Carabinieri a scuola? No, Grazie.
di Sergio Torcinovich, 29/5/2007.
La questione educativa
delle giovani generazioni oscilla, parossisticamente, tra aspetti di
inusuale permissivismo e dichiarazioni di stato di emergenza, specie
per quanto riguarda le fasce adolescenziali.
Troppo spesso, come docenti ci capita di osservare una disarmante
inadeguatezza delle famiglie nella gestione delle problematiche
tipiche di un’età di transizione; d’altro canto, noi stessi ci
sentiamo sempre più spesso privi di strumenti di fronte a
comportamenti collettivi e individuali dei nostri allievi. Siamo quasi
mandati allo sbaraglio, presi fra due fuochi rappresentati dalle
esigenze della didattica (i programmi da sviluppare,il dover fare cioè
quello che dovrebbe essere il nostro mestiere) e quelle di educatori
in senso lato (allo stare insieme, al rispetto di sé nel rispetto
degli altri ecc.), a ciò costretti proprio dalle forti difficoltà che
i genitori incontrano nel “tirar su” i propri figli.
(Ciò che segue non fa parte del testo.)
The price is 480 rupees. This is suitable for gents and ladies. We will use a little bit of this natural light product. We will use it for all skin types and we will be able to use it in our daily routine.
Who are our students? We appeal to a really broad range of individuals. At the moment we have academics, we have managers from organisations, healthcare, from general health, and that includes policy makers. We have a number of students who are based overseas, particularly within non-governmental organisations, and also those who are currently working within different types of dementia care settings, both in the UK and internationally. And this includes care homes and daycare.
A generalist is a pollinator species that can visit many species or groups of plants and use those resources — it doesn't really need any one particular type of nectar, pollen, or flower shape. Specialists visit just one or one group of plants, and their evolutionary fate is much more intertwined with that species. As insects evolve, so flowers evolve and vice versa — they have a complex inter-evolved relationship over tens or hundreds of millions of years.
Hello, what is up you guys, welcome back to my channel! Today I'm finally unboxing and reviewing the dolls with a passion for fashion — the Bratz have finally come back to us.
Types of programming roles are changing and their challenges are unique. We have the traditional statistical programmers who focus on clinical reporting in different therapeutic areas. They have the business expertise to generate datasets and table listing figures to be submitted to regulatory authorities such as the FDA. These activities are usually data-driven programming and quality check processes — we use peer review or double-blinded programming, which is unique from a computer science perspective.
Soprattutto
quest’ultimo e improprio compito deve essere svolto con molta
discrezione, per non urtare suscettibilità delle famiglie che si
sentono inadeguate, ma sicuramente non vogliono ammetterlo.
Del resto, oggi non vi è istituzione più in crisi della famiglia, con
buona pace di vescovi e politici con e dem.
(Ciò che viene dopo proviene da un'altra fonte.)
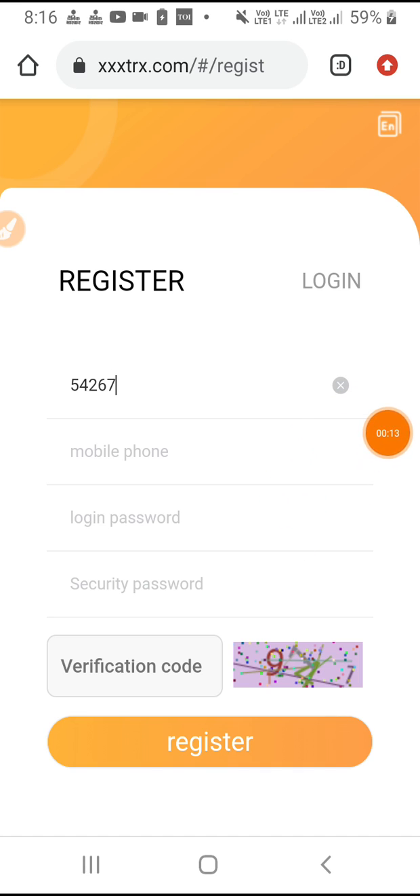The most important thing is to complete registration. To complete registration you need a mobile number, login, security, and first of all a verification code. Register and complete registration.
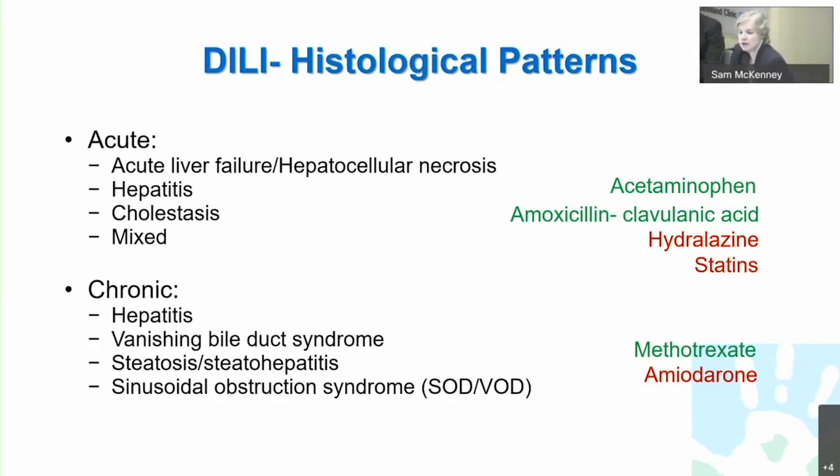Hydralazine might be an example of a mixed pattern. The statins, though very safe, when injury does occur cause a mixed pattern. When one gets chronic inflammation or injury, it can be in the form of hepatitis with elevation of AST and ALT, with the predominant target being hepatocytes versus cholangiocytes, which can lead to vanishing bile duct syndrome. Steatosis and steatohepatitis are classic of mitochondrial mechanisms — methotrexate and amiodarone would be examples. And then some drugs can cause sinusoidal obstruction syndrome.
Forse ha ragione chi va sostenendo che non riusciamo più a produrre, a
livello sociale, alcuna scala valoriale di un qualche spessore, che
non sia la foglia di fico di un conformistico perbenismo di facciata.
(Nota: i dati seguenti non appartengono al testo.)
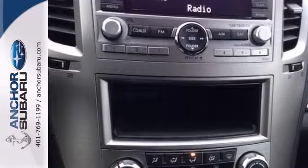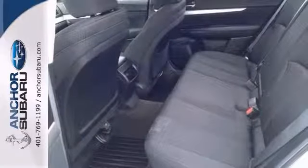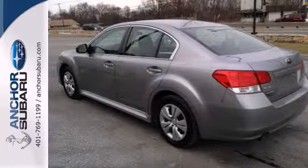It has all-wheel drive and full power options. Add to that stability and traction control, CVT automatic transmission, and remote keyless entry — you have one attractive Subaru looking for a new home.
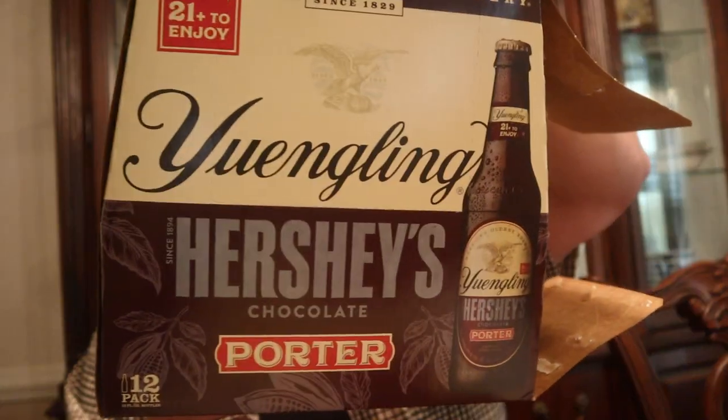Hello everybody and welcome to Hillbilly Select Reviews. Today we're doing a beer review — Yuengling's Hershey's Chocolate Porter. Oh my. Finally got my hands on it.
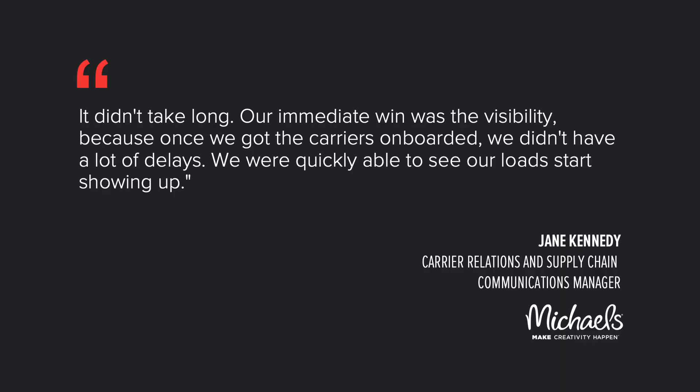Jane Kennedy, Carrier Relations and Supply Chain Communications Manager, said: it didn't take long. Our immediate win was the visibility because once we got the carriers onboarded, we didn't have a lot of delays. We were quickly able to see our loads starting to show up.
Soprattutto, preoccupa la mancanza di una pratica etica a tutti i
livelli dell’agire pubblico. Siamo forse giunti all’esasperazione dei
“vizi privati, pubbliche virtù”.
Se così stanno le cose, non è da stupirci se i nostri ragazzi vivano
in un vuoto pneumatico, del tutto o quasi privi di punti di
riferimento. Si rivolgono al gruppo, e questo è quasi naturale; che
spesso diventa incontrollato branco, e questo lo è un po’ meno. Ma il
dato che emerge dalla lettura della stampa e dalla pratica di chi
frequenta le scuole è che sono sempre meno controllabili e
prevedibili; in estrema sintesi, cominciano a fare paura. Ed ecco
allora le belle pensate di far venire a scuola i carabinieri (come se
ce ne fossero a sufficienza!). Ma non sarebbe coerente e onesto
dichiarare la bancarotta del sistema educativo italiano, dovuto ad
anni di tagli dissennati della spesa per la scuola e l’università?
Alla doverosa e auspicata scolarizzazione di massa si è risposto nel
peggiore dei modi, risparmiando cioè su tutto e umiliando soprattutto
i docenti non universitari con stipendi ridicoli che nel nostro ambito
culturale comportano il discredito sociale. Così la maggior parte dei
commentatori ha potuto infierire sottolineando come la spesa per la
scuola vada tutta in salari per i docenti, con il corollario della
bubbola che in Italia saremmo troppi rispetto agli altri paesi europei
(già, mica hanno gli insegnanti di religione cattolica e quelli di
sostegno, gli altri … senza contare la pletora dei “distaccati”). I
dati della
débacle formativa
ci sono tutti: basti pensare agli ultimi posti dei nostri studenti
nelle classifiche internazionali relativa alla preparazione in materie
scientifiche.
Che si fa, allora? Chiamiamo i carabinieri? Mah?!?!?
E’ sconfortante il fatto
che a nessuno venga in mente che far riprendere autorevolezza
all’istituzione scolastica e perciò a chi in essa opera, in primo
luogo ai docenti, sia forse il modo migliore per togliere ai ragazzi
ogni concessione ai loro eccessi non più trasgressivi (cosa c’è da
trasgredire, oggi?), ma semplicemente distruttivi. Se la scuola e i
docenti tornassero a fare il loro mestiere, anche le forze di polizia
potrebbero tornare a fare quello per cui sono destinate. Bisogna però
crederci, e soprattutto gli insegnanti devono cominciare a pretendere
la valorizzazione del loro ruolo e della loro funzione. Ma questo temo
sia il versante più arduo della questione.